07.05.2010 | aktual.: 07.05.2010 11:11
Agencja, powołując się na brytyjską stację telewizyjną ITN podała, że pozostali uczestnicy czwartkowych wyborów zwyciężyli w 27 jednomandatowych okręgach wyborczych.
Wiadomo już, że konserwatystom nie uda się zdobyć bezwzględnej większości 326 miejsc w brytyjskiej Izbie Gmin, która od 2010 roku będzie liczyła 650 deputowanych.
Wybory w jednym z okręgów zostaną rozstrzygnięte 27 maja.
Już wcześniej z sondaży przeprowadzonych przy wyjściu z lokali wyborczych wynikało, że żadna z głównych partii nie zdobędzie większości 326 miejsc; Partia Konserwatywna prawdopodobnie zapewni sobie 305 miejsc, laburzyści 255, a Liberalni Demokraci 61.
Opracowane na podstawie exit polls wyniki brytyjskich wyborów przyniosły rozczarowanie wszystkim największym partiom politycznym i nie ma jasności, kto stanie na czele rządu i czy będzie to rząd mniejszościowy, czy koalicyjny - napisała brytyjska prasa.

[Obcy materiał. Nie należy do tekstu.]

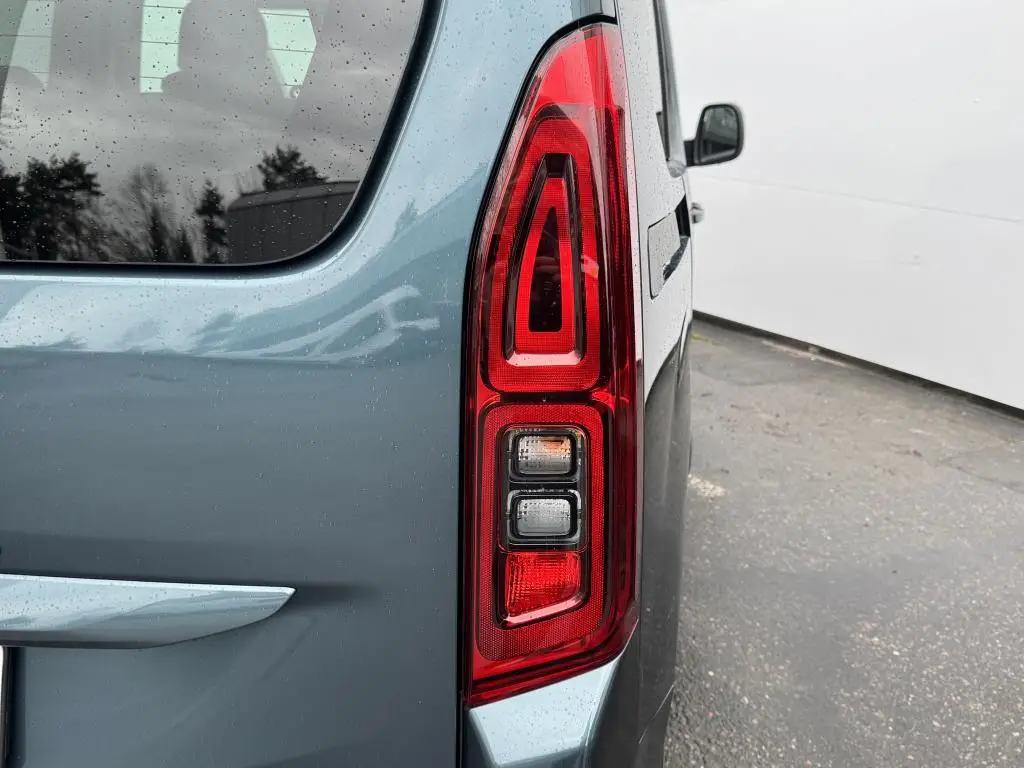 Opel Combo  Combi Edition Plus L1 AT8 1,5 CDTi / 96kW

"Wyborcy odwrócili się plecami od laburzystów, ale nie rzucili się w ramiona torysów" - napisał "Times". Według gazety "wyborcy nie okazali wyborczej apatii, lecz antypatię. Wyrazili wolę zmiany nie tylko rządu, ale całego systemu".
"Times" uznał, iż zmiana ordynacji wyborczej stała się obecnie bardziej prawdopodobna, ponieważ wyborcy uświadomili sobie, że ich preferencje nie przekładają się w prosty sposób na liczbę mandatów, która przypada poszczególnym partiom i nie wyłoniły wyraźnego zwycięzcy.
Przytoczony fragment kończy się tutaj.